EDIT: I understand that humans have some physical attributes that contribute to their long-distance abilities but is the ability to understand pacing also part of it?

One Answer

I would argue that the two factors of physiology and pacing are essentially one in the same. A huge component of pacing for distance runners is breath control. This requires indepndent control over breathing while simultaneously maintaing runnning form, which is simply not an option for most quadrapeds.

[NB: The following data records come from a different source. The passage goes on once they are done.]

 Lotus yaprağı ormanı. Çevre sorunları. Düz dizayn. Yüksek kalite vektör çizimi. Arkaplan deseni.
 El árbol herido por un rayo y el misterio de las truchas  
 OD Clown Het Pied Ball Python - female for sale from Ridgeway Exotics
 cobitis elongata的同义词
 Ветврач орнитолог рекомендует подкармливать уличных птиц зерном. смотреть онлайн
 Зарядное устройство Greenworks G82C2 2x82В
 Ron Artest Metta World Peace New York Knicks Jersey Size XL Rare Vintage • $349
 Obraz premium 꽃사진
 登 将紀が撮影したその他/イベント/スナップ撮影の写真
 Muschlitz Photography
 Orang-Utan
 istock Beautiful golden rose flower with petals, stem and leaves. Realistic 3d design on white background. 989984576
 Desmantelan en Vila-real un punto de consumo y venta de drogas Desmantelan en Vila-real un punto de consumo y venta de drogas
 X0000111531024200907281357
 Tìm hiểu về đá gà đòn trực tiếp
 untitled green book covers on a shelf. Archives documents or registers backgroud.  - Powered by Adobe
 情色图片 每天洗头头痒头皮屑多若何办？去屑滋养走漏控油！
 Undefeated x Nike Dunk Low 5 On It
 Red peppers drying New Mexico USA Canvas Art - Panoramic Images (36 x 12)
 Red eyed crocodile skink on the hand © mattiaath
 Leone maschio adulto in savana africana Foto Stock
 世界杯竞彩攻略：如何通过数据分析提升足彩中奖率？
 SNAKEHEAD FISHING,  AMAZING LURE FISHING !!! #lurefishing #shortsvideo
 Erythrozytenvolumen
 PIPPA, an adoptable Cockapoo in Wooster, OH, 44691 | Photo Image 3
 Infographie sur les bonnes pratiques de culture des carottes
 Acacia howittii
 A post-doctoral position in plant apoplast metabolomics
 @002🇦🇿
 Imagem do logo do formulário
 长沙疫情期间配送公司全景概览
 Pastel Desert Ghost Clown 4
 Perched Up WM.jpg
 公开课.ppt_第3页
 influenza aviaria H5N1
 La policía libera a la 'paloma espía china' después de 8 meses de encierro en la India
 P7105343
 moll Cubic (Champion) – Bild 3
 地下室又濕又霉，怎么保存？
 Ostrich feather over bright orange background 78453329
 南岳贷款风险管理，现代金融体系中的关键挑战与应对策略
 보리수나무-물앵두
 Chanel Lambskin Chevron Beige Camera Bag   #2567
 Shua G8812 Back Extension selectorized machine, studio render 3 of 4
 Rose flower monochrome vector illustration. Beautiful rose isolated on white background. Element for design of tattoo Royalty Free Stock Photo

This stock photo of two gazelle in sprint illustrates why. With each bound, a gazelle's torso compresses (left) and then expands (right) in sync with it's running motion. That compression forces air from the animal's lungs, syncing the rate of breathing with it's rate of running. Because of this, they cannot control their rate of breathing control without also changing their step rate.

Stock Photo Gazelle Running

The fact that people can learn from coaches and books to get better at pacing suggests there is a cognitave aspect to it, but it's the physiology of bipedal locomotion that allows for more efficient pacing in the first place. It's not easy to separate the two factors in a scientific (non-speculative) way, since we can't train an animal to do something that it's not physiologically capable of doing.

There are some interesting discussions here about the Iditorod, which I imagine involes some amount of the human driver pacing the sled-dog team.